The International Film Guide - Ed. Ian Haydn Smith

Share:
The International Film Guide - Ed. Ian Haydn Smith

(Wallflower)

The International Film Guide is an institution. An important annual detailing the events of world cinema, nation by nation, it is the place to go to find info about the state of the film industry everywhere, including Egypt, Cuba, Malaysia or any other number of countries whose films are given too little attention internationally. One might be surprised to find that twenty six features were released in Malaysia in 2009, and that it was a breakthrough year for Kazakhstan, where critic Gulnara Abikeyeva had no problem coming up with a top five.

Usually, though not always, the Guide also offers a section on directors of the year, filmmakers who whether younger or older, have arrived on the international scene. This year’s five are Park Chan-Wook, Kathryn Bigelow, Jacques Audiard, John Hillcoat and Claire Denis, all explored in half a dozen pages by an enthusiastic critic. A couple of years’ back the famous five were: Jia Zhangke, Guillermo del Toro, Paul Greengrass, Suzanne Bier and Fatih Akin.

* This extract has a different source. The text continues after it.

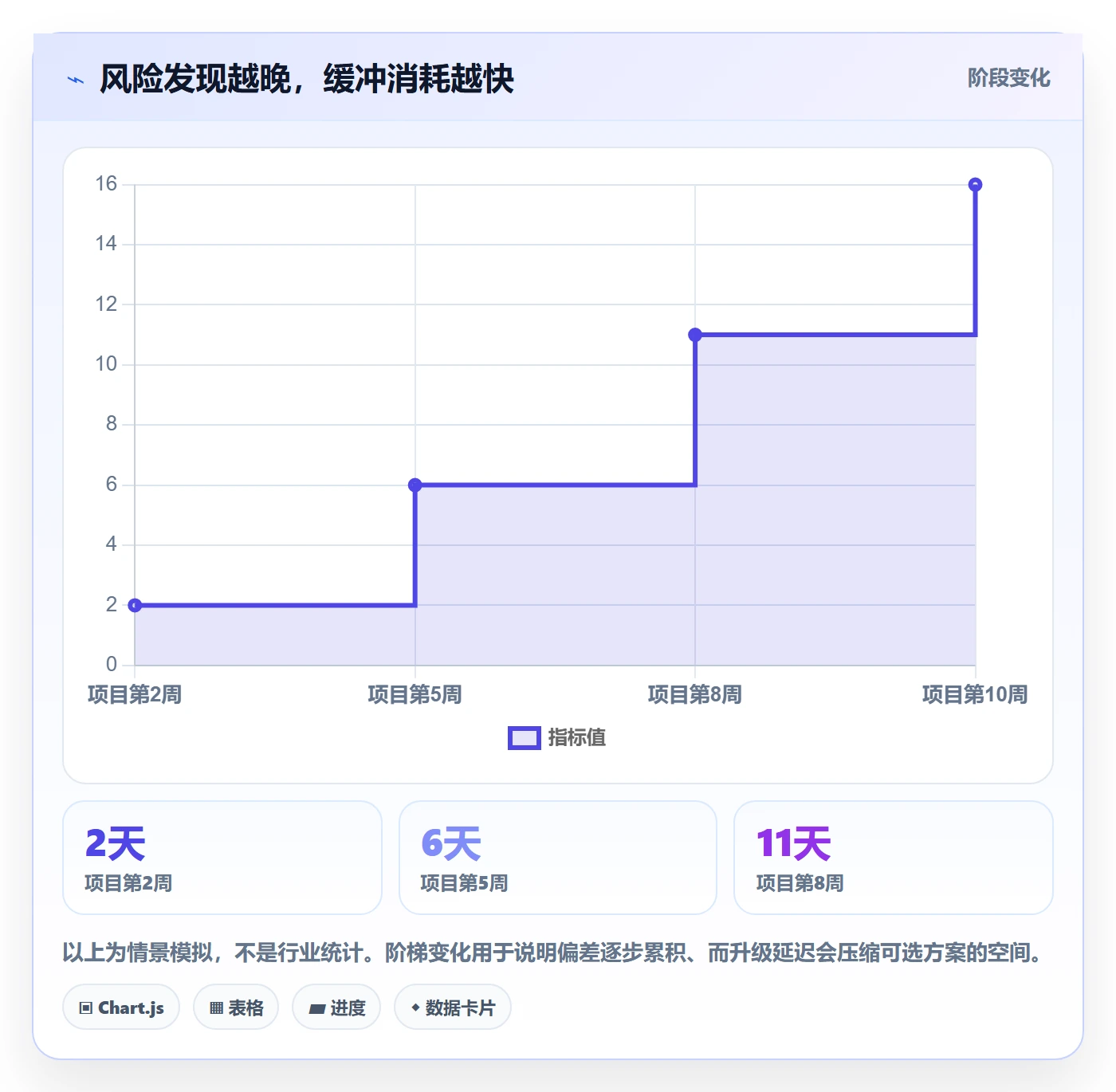 延期管理如何做好延期分析?管理层协同管理与操作步骤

Some may find it surprising that relative newcomers like Atkin, Bier and Zhangke precede Denis and Bigelow, but it is nice to see that though the IFG may be an institution, that doesn’t mean it has to have a rhyme and a reason - though we may note that The Hurt Locker is surely Bigelow’s best film, while Denis’s 35 Shots of Rum shows that nobody has mastered the complicit look in film better than she has.

The guide is also important for its detailing of various film festivals around the world, whether leading festival or minor ones. (Edinburgh will be pleased to note that it remains of importance, and the guide lists the various awards offered in 2009.)

Sometimes we might wish for greater acumen from the critics, usually well-established professionals of the country they are writing about, or perhaps, and unfairly, no more than that they chime more with this writer’s taste… The Greek film Dogtooth is dismissed for its “naïve dialogue and deliberately slow tempo, not to mention the clumsy handling of different styles, [which] diminish the film’s impact.” Jacques Rivette is believed to be “a decidedly uneven director”, while Bright Star demonstrates “the essence of Campion’s genius for images charged with feeling and meaning”. Yet this is a quibble, as the I.F.G. is a great book to leaf through when trying to find out which films in any number of small festivals – from the Italian to the Central European, from the Middle Eastern to the Greek – look like worth catching.